Falta todavía un continente en la ecuación, América. En el istmo de Tehuantepec, en el sur de México, se desarrolló hacia finales del Periodo Preclásico el "istmeño", la primera escritura del Nuevo Mundo, compleja, que codificaba textos largos, pero un sistema que sigue sin ser descifrado. Fue una suerte de precedente del maya —los signos son muy parecidos— y de sus glifos tallados en estelas de piedra, altares, paneles, etcétera, que hasta hace solo medio siglo se veían como dibujos planos, sin fonética.
A preguntas como cuántas veces ha sido inventada la escritura y cómo se puede establecer esto con cierto grado de probabilidad trata de dar respuesta Silvia Ferrara, profesora de Filología Micénica de la Universidad de Bolonia, en La gran invención (Anagrama).

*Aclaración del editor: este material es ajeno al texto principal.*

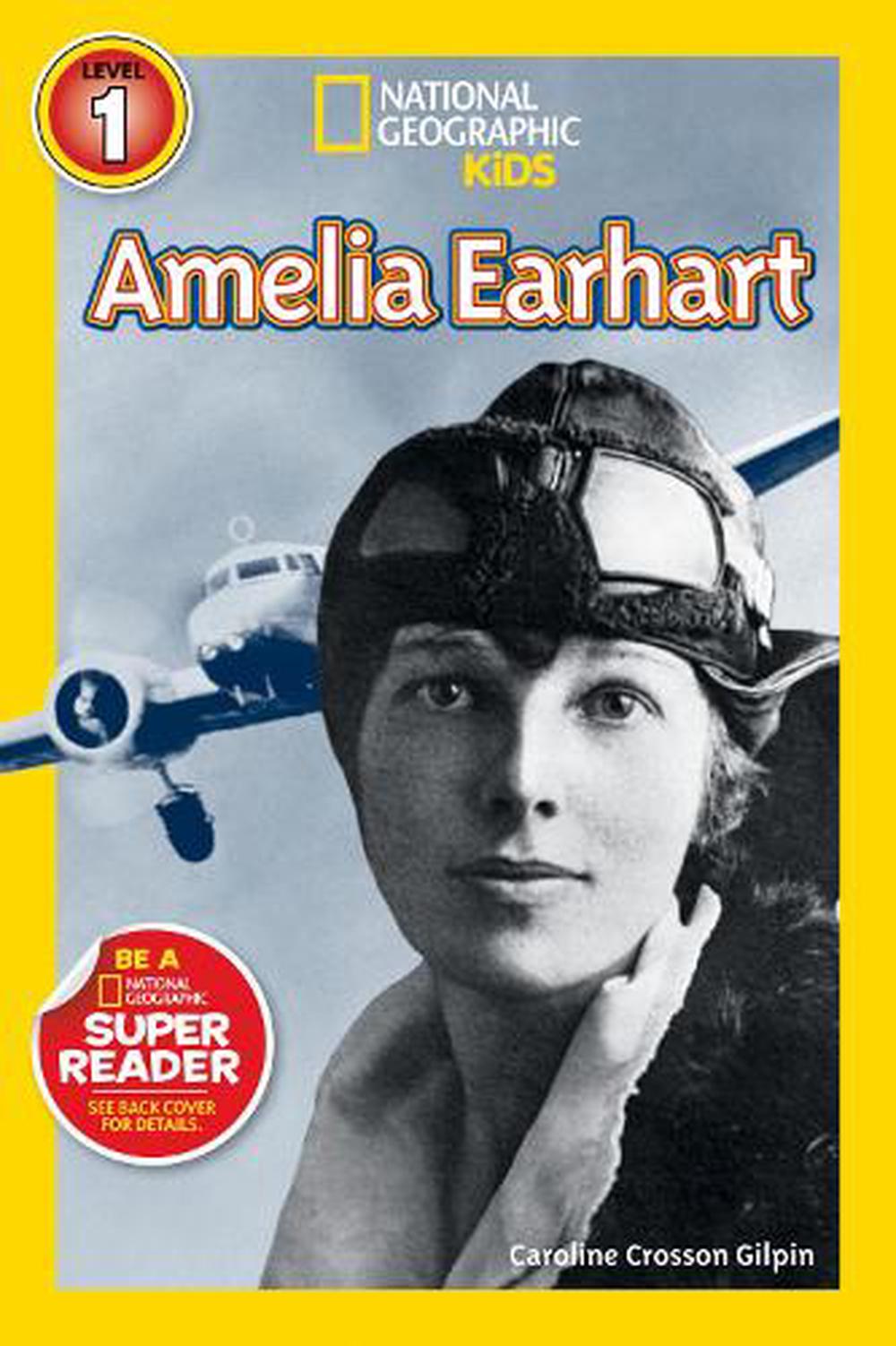 National Geographic Readers Amelia Earhart by Caroline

Si del título ya se desprende la importancia que la autora atribuye a esta creación en la escala de las revoluciones de la humanidad, la lectura del ensayo divulgativo, escrito con un sorprendente coloquialismo aunque sin perder el pulso erudito, enfrenta a llamativos descubrimientos, preguntas inquietantes y paradójicos escenarios futuros: la tiranía del emoji no deja de ser un regreso a los orígenes icónicos de la expresión escrita.
Ferrara, que es directora de INSCRIBE, un proyecto que investiga la invención de la escritura combinando la lingüística, la arqueología, la antropología, la percepción visual y los estudios cognitivos, recuerda que existen en el mundo cerca de una docena de escrituras antiguas que todavía no somos capaces de leer ni de entender, indescifrables.

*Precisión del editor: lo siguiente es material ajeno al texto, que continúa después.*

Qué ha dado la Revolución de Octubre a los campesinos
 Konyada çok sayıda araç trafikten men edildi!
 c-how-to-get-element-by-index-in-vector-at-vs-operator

La isla de Creta, donde concentra parte de su trabajo, esconde cuatro de ellas: el jeroglífico cretense, "las primeras inscripciones de Europa", documentadas en una necrópolis de hace 4.000 años; la lineal A, un silabario con aproximadamente noventa signos y una serie casi infinita de logogramas; la lineal B, que registra un dialecto griego muy arcaico; y el disco de Festo. Esta misteriosa pieza de arcilla cocida, hallada entre los vestigios de un gran palacio minoico, ha sido interpretada como una falsificación o una suerte de juego de la oca, pero cuenta con doscientos cuarenta y dos signos impresos en secuencias de palabras bien separadas y no arbitrarias. Es un verdadero lenguaje escrito, un unicum que hasta el momento conduce a un callejón sin salida.

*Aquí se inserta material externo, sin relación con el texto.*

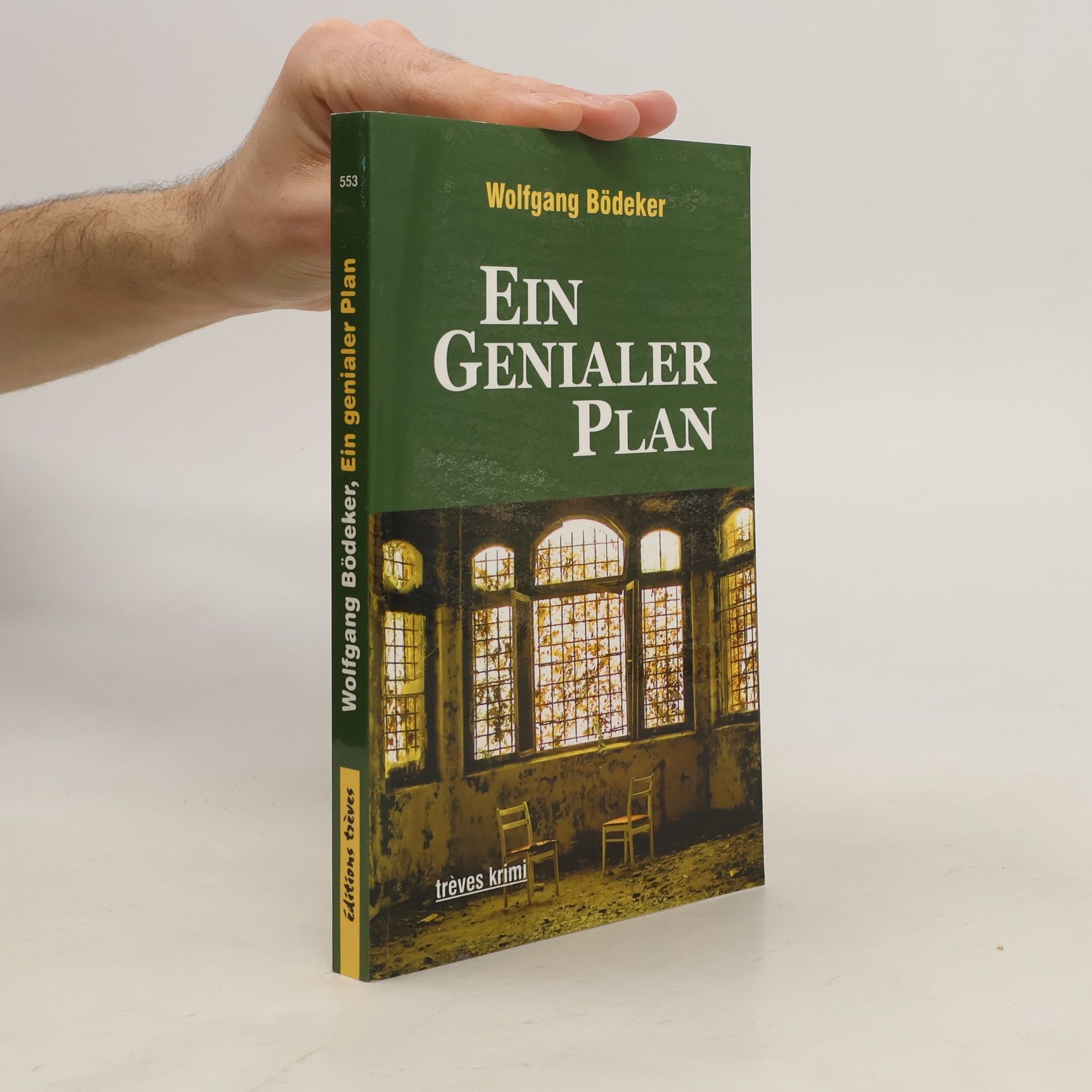 Wolfgang Bödeker Ein genialer Plan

Las páginas dedicadas a los sistemas aún no descifrados son las más fascinantes del libro, que también homenajea a descubridores como Jean-François Champollion y su Piedra Rosetta, un hito del que se acaban de cumplir dos siglos.
La lista de enigmas va desde el manuscrito Voynich, un libro de doscientas páginas minuciosamente ilustrado con imágenes fantásticas —flores y plantas quiméricas, siluetas de mujeres desnudas, un gran despliegue de diagramas alquímicos—, con apariencia de enciclopedia encriptada de la ciencia del siglo XV; hasta el rongo-rongo de la remota isla de Pascua, quizá la más misteriosa. Se trata de unas tablillas de madera con incisiones de una abigarrada serie de signos que se lee en zigzag por intervalos —la segunda línea tiene los signos boca abajo de la primera y hay que darle la vuelta—. Es un logo-silabario seguramente relacionado con la lengua rapanui actual y cuya razón de ser parece el sustrato de la isla, los petroglifos de criaturas marinas y figuras de aves-hombres.